In their respective required communications to the Audit Committee of the registrant’s Board, EY/KPMG informed the Audit Committee that EY/KPMG and/or covered person professionals within EY/KPMG maintain lending relationships with certain owners of greater than 10% of the shares of the registrant and/or certain investment companies within the “investment company complex” as defined under Rule 2-01(f)(14) of Regulation S-X, which are affiliates of the registrant. EY/KPMG has advised the Audit Committee that these lending relationships implicate Rule 2-01(c)(1)(ii)(A) of Regulation S-X (referred to as the “Loan Rule”). The Loan Rule prohibits an independent public accountant, or covered person professionals at such firm, from having a financial relationship (such as a loan) with a lender that is a record or beneficial owner of more than 10% of an audit client’s equity securities. For purposes of the Loan Rule, audit clients include the registrant, as well as all registered investment companies advised by advisory subsidiaries of Federated Investors, Inc., the Adviser (for which EY serves as independent public accountant), and their respective affiliates (collectively, the “Federated Fund Complex”).

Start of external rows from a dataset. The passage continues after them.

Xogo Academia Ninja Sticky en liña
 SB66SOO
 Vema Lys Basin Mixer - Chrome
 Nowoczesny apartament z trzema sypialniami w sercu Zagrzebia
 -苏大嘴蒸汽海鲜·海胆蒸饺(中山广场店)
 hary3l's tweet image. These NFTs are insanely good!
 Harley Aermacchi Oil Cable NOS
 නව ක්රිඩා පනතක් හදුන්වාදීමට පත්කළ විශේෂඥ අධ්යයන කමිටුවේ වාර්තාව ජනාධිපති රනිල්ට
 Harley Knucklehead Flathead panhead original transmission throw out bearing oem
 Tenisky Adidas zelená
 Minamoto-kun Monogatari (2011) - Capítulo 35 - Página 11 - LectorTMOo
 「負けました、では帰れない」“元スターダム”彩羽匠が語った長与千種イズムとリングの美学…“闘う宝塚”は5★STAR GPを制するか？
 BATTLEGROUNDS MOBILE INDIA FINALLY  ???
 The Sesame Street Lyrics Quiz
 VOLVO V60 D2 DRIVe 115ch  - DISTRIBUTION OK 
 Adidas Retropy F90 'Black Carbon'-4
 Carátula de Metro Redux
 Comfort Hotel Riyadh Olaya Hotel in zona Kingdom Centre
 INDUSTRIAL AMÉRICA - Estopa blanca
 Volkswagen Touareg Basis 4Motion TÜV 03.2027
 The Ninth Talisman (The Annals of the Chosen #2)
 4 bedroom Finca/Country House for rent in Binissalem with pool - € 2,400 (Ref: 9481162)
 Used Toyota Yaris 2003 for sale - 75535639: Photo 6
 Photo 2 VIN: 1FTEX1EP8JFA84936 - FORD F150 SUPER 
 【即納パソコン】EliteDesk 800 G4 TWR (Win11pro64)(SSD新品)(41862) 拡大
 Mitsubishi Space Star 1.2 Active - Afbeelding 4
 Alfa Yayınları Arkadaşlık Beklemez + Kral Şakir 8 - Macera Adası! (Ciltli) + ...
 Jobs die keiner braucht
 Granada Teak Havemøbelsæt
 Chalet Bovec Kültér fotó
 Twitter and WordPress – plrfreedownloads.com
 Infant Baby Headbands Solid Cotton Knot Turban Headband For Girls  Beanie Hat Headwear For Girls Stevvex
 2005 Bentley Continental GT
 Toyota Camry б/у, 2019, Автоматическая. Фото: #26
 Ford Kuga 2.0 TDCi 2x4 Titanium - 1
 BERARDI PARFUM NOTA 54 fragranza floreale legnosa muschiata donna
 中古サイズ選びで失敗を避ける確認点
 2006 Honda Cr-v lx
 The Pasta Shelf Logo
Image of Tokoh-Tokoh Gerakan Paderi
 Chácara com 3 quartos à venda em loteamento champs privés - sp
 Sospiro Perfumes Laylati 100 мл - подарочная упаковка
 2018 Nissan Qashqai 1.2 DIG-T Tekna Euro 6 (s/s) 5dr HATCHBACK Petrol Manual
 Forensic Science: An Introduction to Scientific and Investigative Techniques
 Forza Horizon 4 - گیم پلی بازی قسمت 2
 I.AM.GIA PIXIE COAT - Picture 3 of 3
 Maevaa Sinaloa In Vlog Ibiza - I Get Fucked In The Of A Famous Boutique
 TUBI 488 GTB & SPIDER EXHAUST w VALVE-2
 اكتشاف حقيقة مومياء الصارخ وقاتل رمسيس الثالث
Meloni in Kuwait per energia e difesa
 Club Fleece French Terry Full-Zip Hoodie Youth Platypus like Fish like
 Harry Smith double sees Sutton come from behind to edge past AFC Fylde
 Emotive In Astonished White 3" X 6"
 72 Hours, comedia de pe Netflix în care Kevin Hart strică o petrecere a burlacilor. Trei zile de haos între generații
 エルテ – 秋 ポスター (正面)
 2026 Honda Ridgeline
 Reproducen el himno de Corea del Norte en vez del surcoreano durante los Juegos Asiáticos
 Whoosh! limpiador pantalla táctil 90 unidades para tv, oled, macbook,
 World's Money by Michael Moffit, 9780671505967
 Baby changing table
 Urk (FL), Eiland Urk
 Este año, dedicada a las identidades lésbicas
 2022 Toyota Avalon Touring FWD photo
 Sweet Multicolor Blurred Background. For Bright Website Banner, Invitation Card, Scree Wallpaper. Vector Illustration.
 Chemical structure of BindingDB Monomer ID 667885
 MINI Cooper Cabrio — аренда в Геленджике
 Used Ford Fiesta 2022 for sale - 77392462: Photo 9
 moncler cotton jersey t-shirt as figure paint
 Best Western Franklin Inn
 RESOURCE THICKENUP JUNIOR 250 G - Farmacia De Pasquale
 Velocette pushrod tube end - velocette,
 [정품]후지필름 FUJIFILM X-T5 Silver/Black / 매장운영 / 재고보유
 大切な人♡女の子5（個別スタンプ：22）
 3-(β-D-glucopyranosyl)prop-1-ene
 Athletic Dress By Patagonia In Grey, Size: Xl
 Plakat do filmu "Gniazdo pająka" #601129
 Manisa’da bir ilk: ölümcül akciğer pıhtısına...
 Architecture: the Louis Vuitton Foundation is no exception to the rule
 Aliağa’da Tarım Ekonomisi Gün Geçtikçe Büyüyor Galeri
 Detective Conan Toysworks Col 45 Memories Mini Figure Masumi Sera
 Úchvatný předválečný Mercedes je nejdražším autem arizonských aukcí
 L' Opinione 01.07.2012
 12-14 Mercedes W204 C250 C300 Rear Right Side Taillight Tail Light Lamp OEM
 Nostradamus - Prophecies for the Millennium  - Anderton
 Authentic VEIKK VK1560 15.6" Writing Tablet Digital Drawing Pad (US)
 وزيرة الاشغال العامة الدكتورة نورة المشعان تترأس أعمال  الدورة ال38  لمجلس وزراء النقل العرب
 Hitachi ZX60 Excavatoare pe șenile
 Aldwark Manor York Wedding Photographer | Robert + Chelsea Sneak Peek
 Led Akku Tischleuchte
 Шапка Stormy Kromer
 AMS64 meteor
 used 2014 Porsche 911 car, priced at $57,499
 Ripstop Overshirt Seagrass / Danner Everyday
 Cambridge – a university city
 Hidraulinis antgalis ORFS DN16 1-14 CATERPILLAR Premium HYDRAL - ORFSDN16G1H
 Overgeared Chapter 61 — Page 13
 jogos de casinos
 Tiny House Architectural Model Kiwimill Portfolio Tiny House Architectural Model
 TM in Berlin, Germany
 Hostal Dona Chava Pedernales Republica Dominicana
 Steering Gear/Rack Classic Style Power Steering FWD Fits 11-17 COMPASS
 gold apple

EY/KPMG informed the Audit Committee that EY/KPMG believes that these lending relationships described above do not and will not impair EY/KPMG’s ability to exercise objective and impartial judgment in connection with financial statement audits of their respective funds of the registrant and a reasonable investor with knowledge of all relevant facts and circumstances would conclude that EY/KPMG has been and is capable of objective and impartial judgment on all issues encompassed within EY/KPMG’s audits.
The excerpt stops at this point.